Vaping is everywhere. And it's a lot stealthier than Joe Camel ever was.
Vaping would cost a little more in Omaha than surrounding communities if the City Council expands the city’s tobacco tax this month.
Council President Chris Jerram has proposed erasing the existing city ordinance’s exemption for nicotine delivery devices.
Mayor Jean Stothert told The World-Herald last week that she supports extending the tax to vaping for public health and tax fairness reasons.
The proposed change would add the city’s 3% occupation tax on tobacco products to e-cigarettes and other vaping products.
City finance officials estimate that expanding the tobacco tax to vaping would raise about $1 million more than the $3.5 million to $3.7 million a year it raises now.
Vaping retailers said they plan to fight the tax. The public hearing on the issue is Oct. 22.

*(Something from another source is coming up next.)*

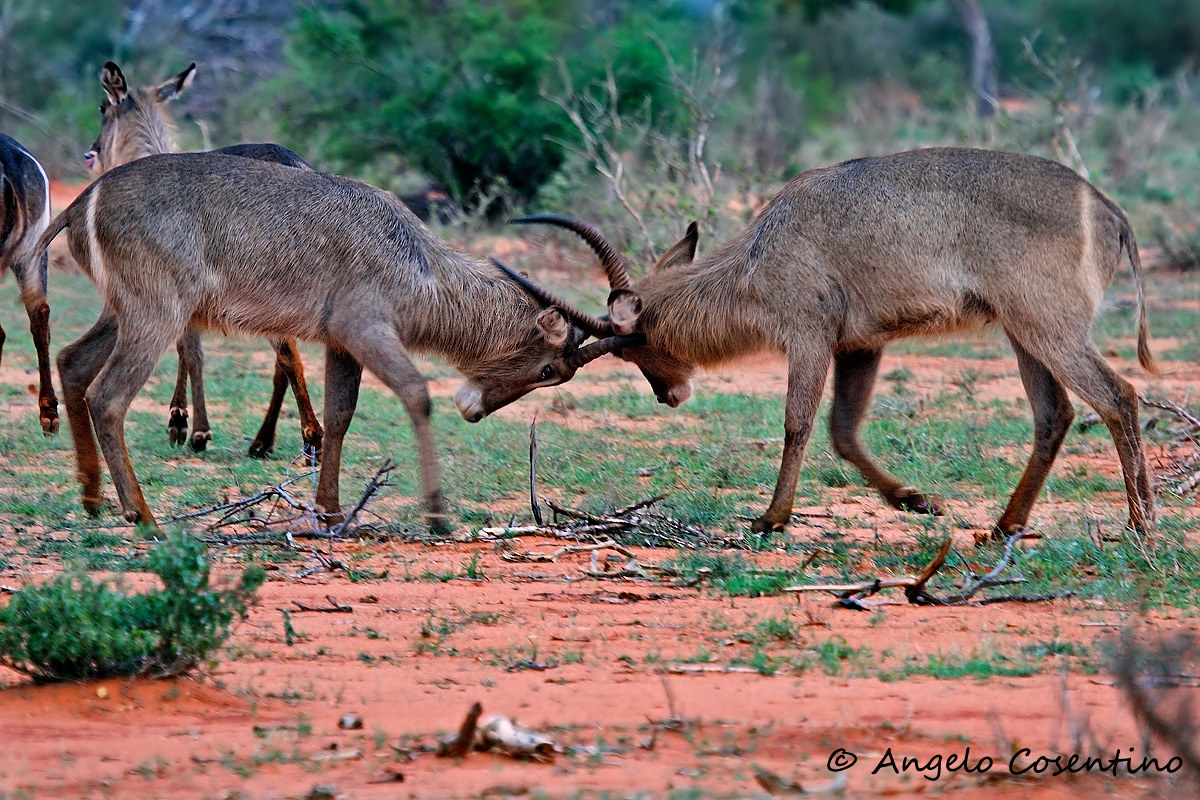 Waterbuck fight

Jerram said his goal is to prevent a new generation of young people from vaping and getting addicted to nicotine.
Vaping is everywhere. And it's a lot stealthier than Joe Camel ever was.
Public health experts at the Mayo Clinic and John’s Hopkins University have said that young people first exposed to nicotine by vaping are more likely than their unexposed peers to use tobacco products.
Jerram also said he wants to apply the tobacco tax fairly. The city’s tax law shouldn’t treat people who vape nicotine any differently from the people who smoke it, he said. Local smokers pay the tax.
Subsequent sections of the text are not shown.